A collimated laser beam of power P = 106 Watt illuminates a 100%-reflecting
micromirror at an angle of incidence of θ=30 for duration of = 0.015 seconds. Prior to laser
illumination, the mirror is at rest. What is the mass of the mirror m if it acquires velocity
of 1 m/s after laser illumination?
Please write the relevant equations and demonstrate effort by showing one's attempt as solving the problem.

Note that photons have energy and momentum.

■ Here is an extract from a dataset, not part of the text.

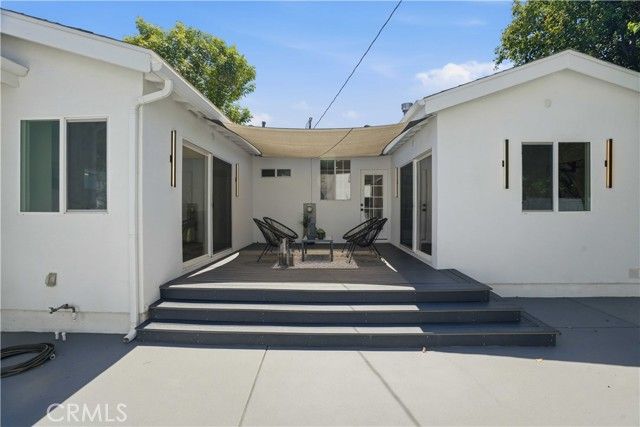 17721 Burbank, Encino (los Angeles), CA 91316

Here is my cut at it. (Had some family issues, sorry for the delay)

## Homework Statement

A collimated laser beam of power P = 106 Watt illuminates a 100%-reflecting
micromirror at an angle of incidence of ?=30 for duration of = 0.015 seconds. Prior to laser
illumination, the mirror is at rest. What is the mass of the mirror m if it acquires velocity
of 1 m/s after laser illumination?

Power = 106 (W)
Angle of Incidence = 30 degrees
Time = 0.015 (s)
Velocity = (1 m/s)
Mass = ?

## Homework Equations

No equations were given.

Force = Mass*Acceleration

Force = 2*(Intensity*Area)/c
= 2*Power/c

(There is twice the force because it is a totally reflected wave)

## The Attempt at a Solution

Force = 2*(Intensity*Area)/c
= 2*Power/c
= 2*(106*cos(30) W)/(3*10^8 m/s)
= 6.12*10^-7 N

Force = Mass*Acceleration
Mass = Force/Acceleration
= (6.12*10^-7 N)/[(0 m/s-1 m/s)/(0.015 s)]
= 9.18*10^-9 Kg

It all seems too simple, so I would really appreciate a good review.

mfb
Mentor
It is as simple as that. You can check your calculations with WolframAlpha or similar tools.
The place where you add the angle is a bit strange - it influences the momentum transfer, and not the area. The result is the same, however.

Thanks mfb.

Would this be the correct way to account for the angle of incidence?

Force = 2*(Intensity*Area)/c
= 2*Power/c
= 2*(106 W)/(3*10^8 m/s)
= 7.07*10^-7 N

Force = Mass*Acceleration
Mass = Force/Acceleration
= (7.07*10^-7*cos(30) N)/[(0 m/s-1 m/s)/(0.015 s)]
= 9.18*10^-9 Kg

mfb
Mentor
I would change Force = 2*Power/c to Force = 2*cos(alpha)*Power/c. This way, it is clear where the angle comes from.